Tmem64-flox Mouse

Tmem64, a transmembrane protein, has been implicated in multiple biological functions. It is involved in the regulation of calcium signaling and is associated with the Wnt/β -catenin signaling pathway, playing a role in processes such as cell differentiation, proliferation, and apoptosis, which are crucial for normal physiological function and disease development [1,3,4,5]. Genetic models, like KO mouse models, have been instrumental in studying its functions.

In glioma, Tmem64 is highly expressed compared to normal tissues, and its high expression correlates with higher grade and worse prognosis. Loss-and gain-of-function studies show it enhances cell proliferation, tumorigenicity, and inhibits apoptosis by activating the Wnt/β -catenin signaling pathway [1]. In hepatocellular carcinoma, high Tmem64 expression is an independent risk factor for poor prognosis and promotes cell proliferation, migration, and invasion [2]. Tmem64-deficient mice exhibit increased bone mass due to impaired osteoclast formation as it modulates calcium signaling during osteoclastogenesis [3]. Ablation of Tmem64 in mice leads to increased osteoblast and reduced adipocyte differentiation, while overexpression has the opposite effect, indicating its role in mesenchymal lineage allocation through modulating Wnt/β -catenin signaling [4]. In prostate cancer, Tmem64 is involved in metastatic progression by regulating Wnt3a secretion [5].

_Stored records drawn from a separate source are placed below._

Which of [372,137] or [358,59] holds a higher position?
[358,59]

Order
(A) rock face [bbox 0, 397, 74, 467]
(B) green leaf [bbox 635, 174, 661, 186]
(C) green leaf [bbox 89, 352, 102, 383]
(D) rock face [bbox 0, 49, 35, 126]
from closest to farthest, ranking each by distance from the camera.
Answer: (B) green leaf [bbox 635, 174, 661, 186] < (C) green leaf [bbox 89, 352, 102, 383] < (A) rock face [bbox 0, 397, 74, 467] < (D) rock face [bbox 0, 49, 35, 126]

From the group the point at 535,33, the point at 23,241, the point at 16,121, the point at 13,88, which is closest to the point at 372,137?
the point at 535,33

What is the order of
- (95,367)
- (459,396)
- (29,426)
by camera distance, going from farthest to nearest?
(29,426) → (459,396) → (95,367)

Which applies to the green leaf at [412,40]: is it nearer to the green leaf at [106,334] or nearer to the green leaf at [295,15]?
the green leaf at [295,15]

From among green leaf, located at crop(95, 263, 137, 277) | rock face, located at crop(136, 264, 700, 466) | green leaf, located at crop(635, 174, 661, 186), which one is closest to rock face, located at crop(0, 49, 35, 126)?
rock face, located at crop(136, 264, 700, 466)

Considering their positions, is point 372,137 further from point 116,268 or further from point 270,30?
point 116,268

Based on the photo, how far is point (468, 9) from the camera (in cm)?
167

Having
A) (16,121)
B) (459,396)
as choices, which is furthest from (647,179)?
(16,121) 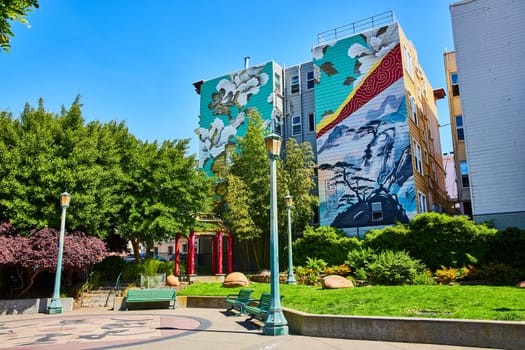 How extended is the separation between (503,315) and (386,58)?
20.9 metres

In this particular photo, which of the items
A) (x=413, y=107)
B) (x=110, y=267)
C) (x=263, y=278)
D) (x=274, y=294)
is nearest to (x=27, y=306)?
(x=110, y=267)

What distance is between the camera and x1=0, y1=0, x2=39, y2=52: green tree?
612cm

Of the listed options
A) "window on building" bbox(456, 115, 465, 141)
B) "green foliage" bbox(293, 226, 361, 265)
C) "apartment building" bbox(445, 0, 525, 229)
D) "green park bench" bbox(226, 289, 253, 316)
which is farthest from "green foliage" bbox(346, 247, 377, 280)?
"window on building" bbox(456, 115, 465, 141)

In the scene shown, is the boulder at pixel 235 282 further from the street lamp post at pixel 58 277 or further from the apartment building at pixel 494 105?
the apartment building at pixel 494 105

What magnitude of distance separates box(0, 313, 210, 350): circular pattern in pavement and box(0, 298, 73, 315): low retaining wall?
2122mm

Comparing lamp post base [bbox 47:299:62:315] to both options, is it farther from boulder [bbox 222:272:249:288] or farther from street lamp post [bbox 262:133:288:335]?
street lamp post [bbox 262:133:288:335]

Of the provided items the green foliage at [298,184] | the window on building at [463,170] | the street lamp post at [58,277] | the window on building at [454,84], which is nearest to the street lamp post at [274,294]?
the street lamp post at [58,277]

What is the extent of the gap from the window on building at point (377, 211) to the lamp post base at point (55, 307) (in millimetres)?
18170

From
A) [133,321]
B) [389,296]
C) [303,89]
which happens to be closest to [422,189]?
[303,89]

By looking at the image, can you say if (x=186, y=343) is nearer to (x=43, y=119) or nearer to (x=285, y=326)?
(x=285, y=326)

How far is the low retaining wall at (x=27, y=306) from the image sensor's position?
16641mm

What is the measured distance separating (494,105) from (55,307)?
76.6 ft

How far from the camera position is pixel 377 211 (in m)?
25.7

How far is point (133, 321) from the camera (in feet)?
43.8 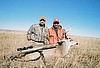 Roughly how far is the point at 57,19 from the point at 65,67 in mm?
2447

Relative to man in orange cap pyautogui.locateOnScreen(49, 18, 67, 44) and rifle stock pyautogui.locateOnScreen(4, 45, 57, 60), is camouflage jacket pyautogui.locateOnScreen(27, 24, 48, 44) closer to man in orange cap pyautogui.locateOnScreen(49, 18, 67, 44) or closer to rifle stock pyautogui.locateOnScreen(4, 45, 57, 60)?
man in orange cap pyautogui.locateOnScreen(49, 18, 67, 44)

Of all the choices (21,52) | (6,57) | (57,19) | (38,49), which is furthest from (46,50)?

In conclusion, Tmem64 plays essential roles in cell-related biological processes like differentiation, proliferation, and apoptosis. The use of KO mouse models has revealed its significance in diseases such as glioma, hepatocellular carcinoma, osteoporosis-related bone metabolism, and prostate cancer, providing potential insights for diagnosis and treatment in these disease areas.